Medicine has been the beneficiary of two radical developments over the past sixty years: the discovery of the structure of DNA in 1952 and the rise of information technologies in the 1960s. One would expect that the discovery of life’s code, combined with the power of computing, would have radically increased the quality and length of human life-spans. But life-spans aren’t getting longer as quickly as they used to, and in some places they’re even getting shorter. Worse, the number of new drugs introduced each year – especially important new drugs (which you can measure by FDA fast-tracking) – is surprisingly low and well below the quarter-century average. That’s not to say that biotechnology can’t progress quickly. Here are some concluded manifesto on biotech trend and guding investment strategy on the field:
Biotechnology has already created one revolution. It can certainly create another. Less than twenty-five years after Watson and Crick published the structure of DNA, venture capitalist Robert Swanson and biochemist Herbert Boyer founded Genentech, which went on to synthesize insulin far faster and more cheaply than almost anyone believed possible. And in a great revolution in the FDA approval process in the 1980s following pressure from the AIDS lobby, the agency acted almost nimbly to approve a huge number of important new drugs for many maladies. But the revolution in innovation and regulatory efficiency has not been sustained.

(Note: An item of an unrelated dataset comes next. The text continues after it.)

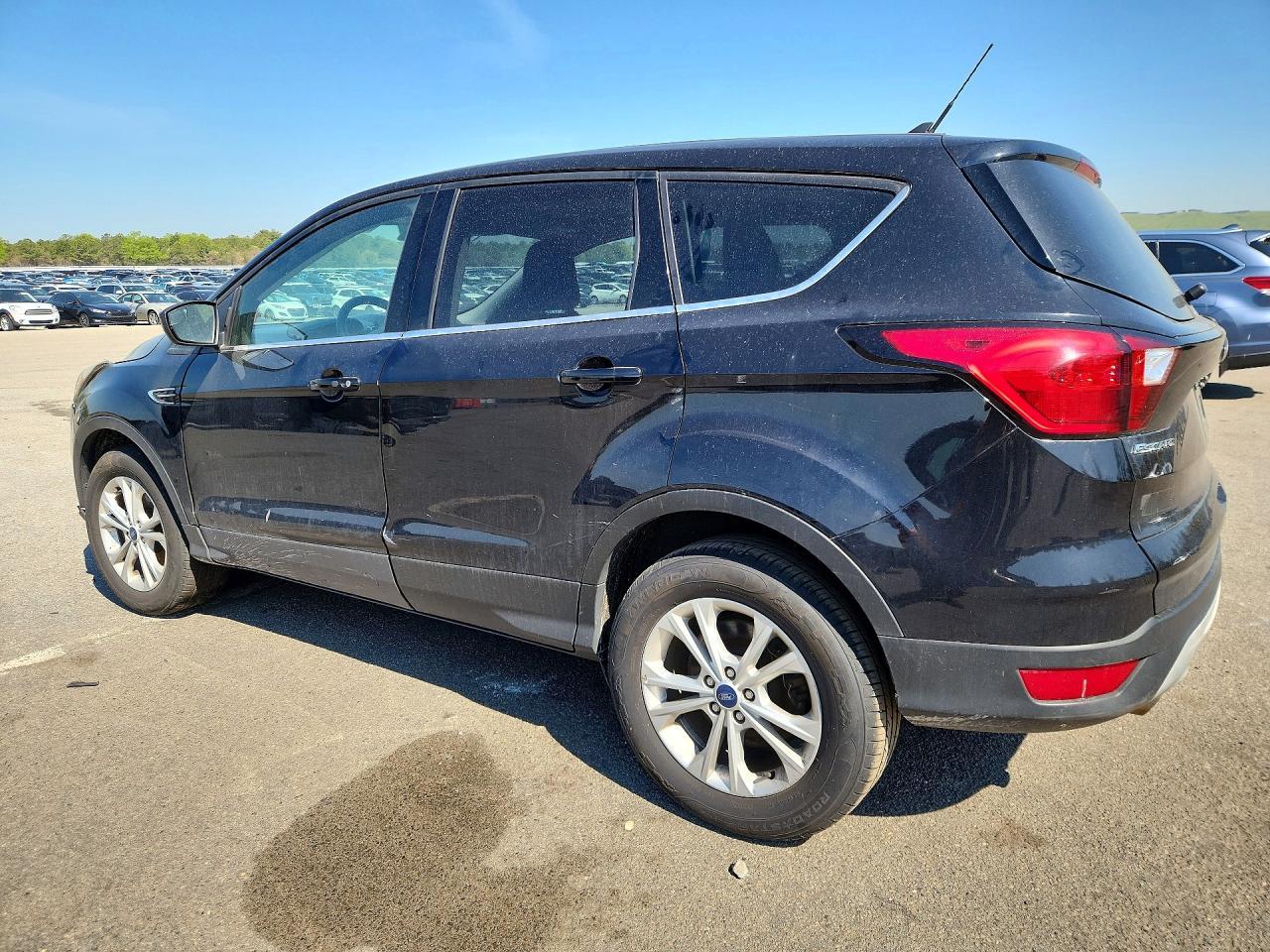 2019 Ford Escape Se - Image 2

There are presently three major and related obstacles facing biotechnology (or biotechnology investment at any rate): lack of data, capital intensity, and a medieval approach to therapeutic discovery. The first major problem is that genetic sequencing, which provides us with the body of knowledge we require to create genomic therapies, is extremely slow, expensive, and inaccurate.
Present methods of sequencing (which use fluorescence) can only sequence about 95% of larger genomes, take forever to do so, and cost a fortune. The second problem is capital intensity: it simply takes far too much time and money before a company has any real indication that a drug might work with animal/human trials fantastically expensive despite the help of computer modeling. The final problem is an extremely slow drug discovery process: fundamentally, discovery still proceeds by enlightened guesswork, rather than as a disciplined process – and there is no good way for investigators to share data. Biotechnology companies that can overcome these stumbling blocks will create enormous value for their investors and society.